(Data provided):
--- START ---

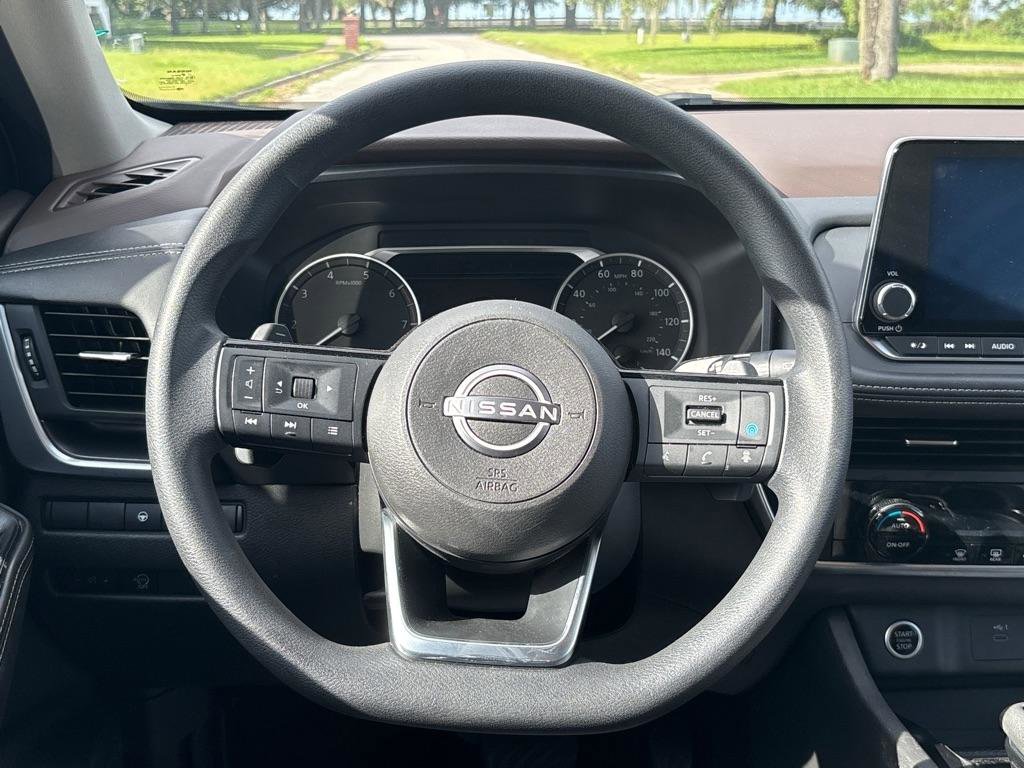 Used 2023 Nissan Rogue SV image 18
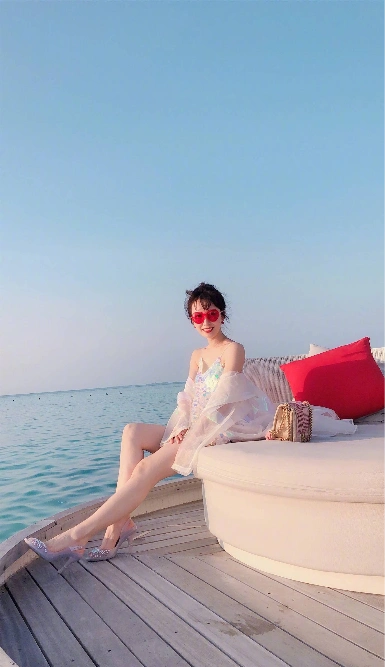 33岁豪门阔太李念晒美照,肤白貌美大长腿太吸睛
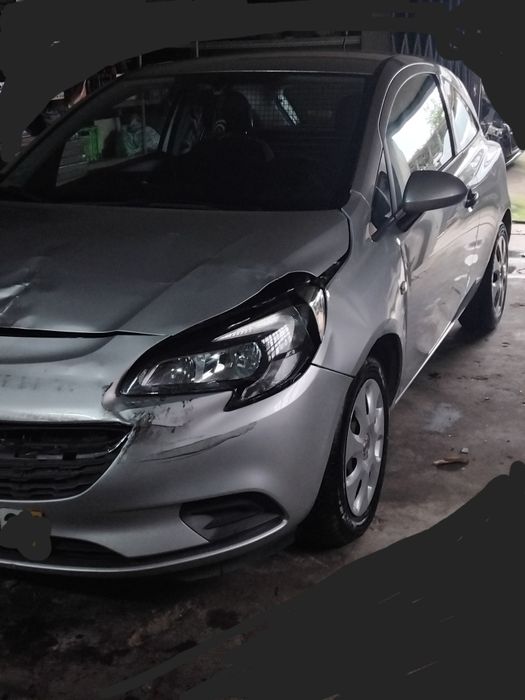 vendo Opel corsa E van 1.3 cdti 2017 nacional acidentado salvado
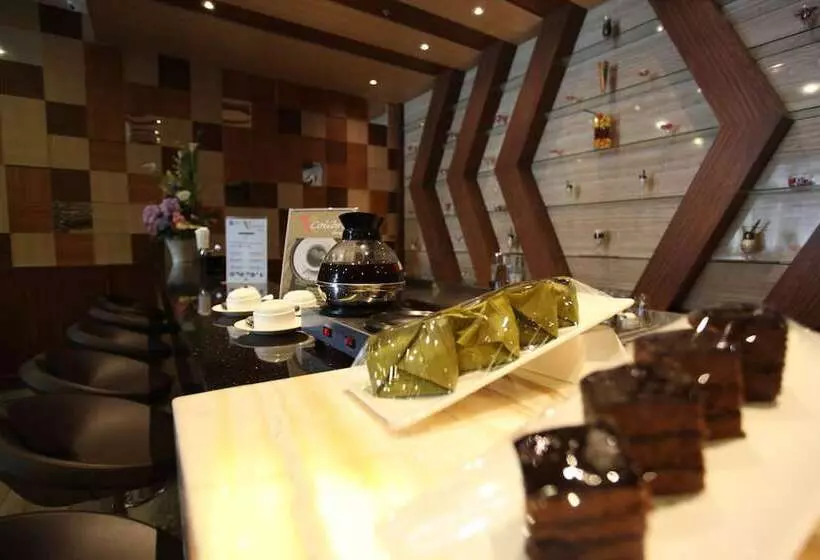 Fotos del hotel La Riz Wthree Lagaligo Makassar:  12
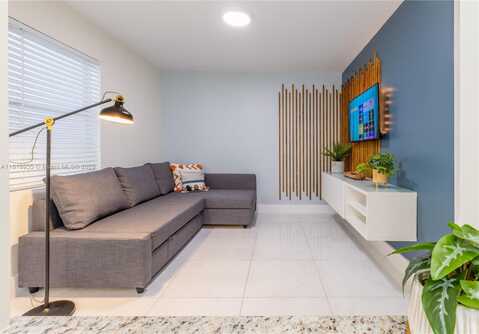 1762 NW 15th St, Miami, FL 33125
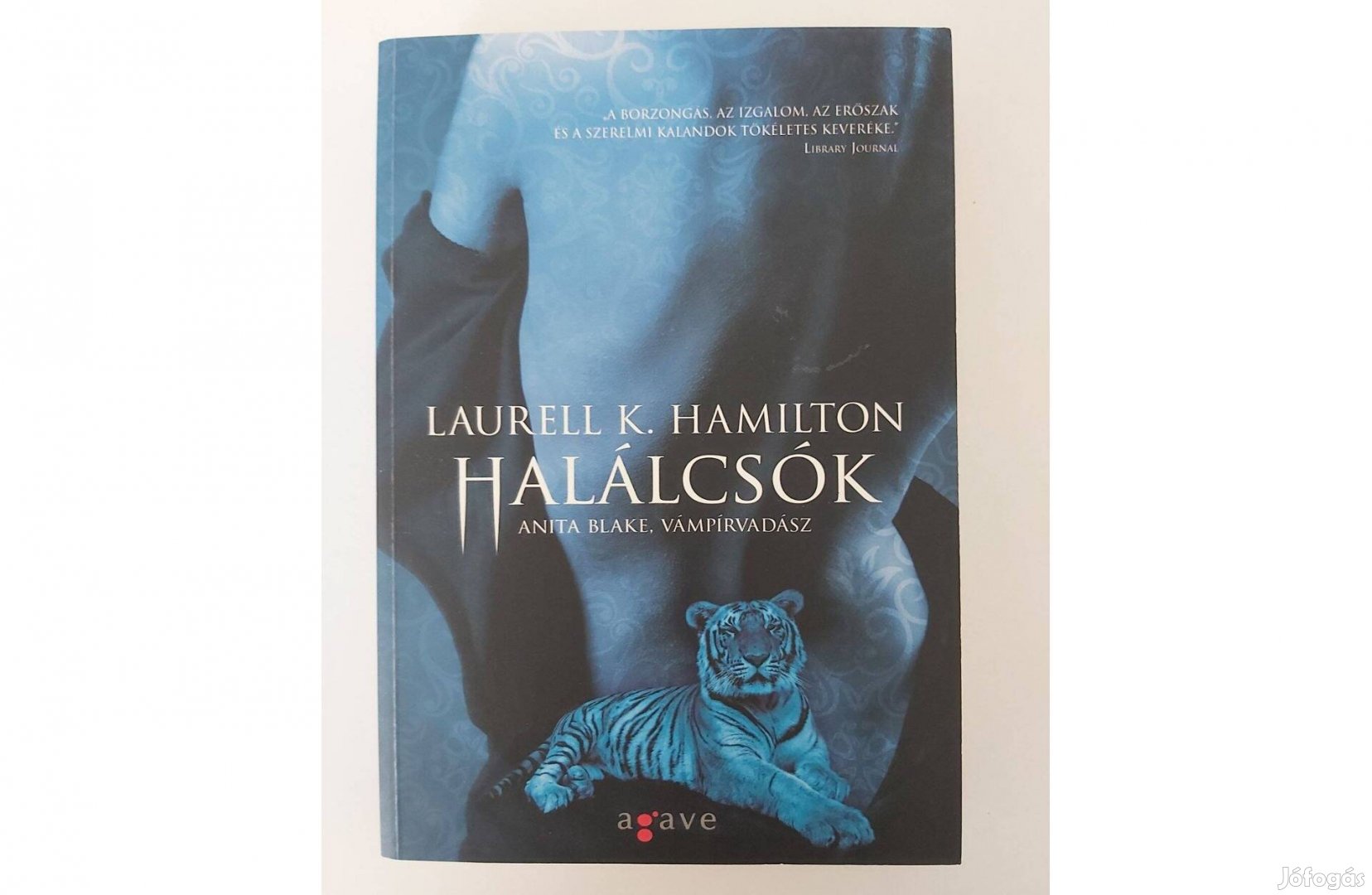 Laurell K. Hamilton: Halálcsók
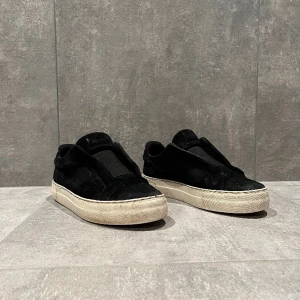 Axel arigato skor - Säljer ett par Axel Arigato Clean 360  Laceless skor i färgen svart! EU 40! Har använt dom dagligen, kan användas som fest skor eller liknade! Tänker 650kr eller kom med bud!😁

--- END ---

(Task item):
Write back the stretch of lines above that begins with the line holding "Fotos del hotel" and ends with the line holding "Laurell K. Hamilton: Halálcsók", both included, exactly as written. Pictures stay out.

(Exercise answer):
 Fotos del hotel La Riz Wthree Lagaligo Makassar:  12
 1762 NW 15th St, Miami, FL 33125
 Laurell K. Hamilton: Halálcsók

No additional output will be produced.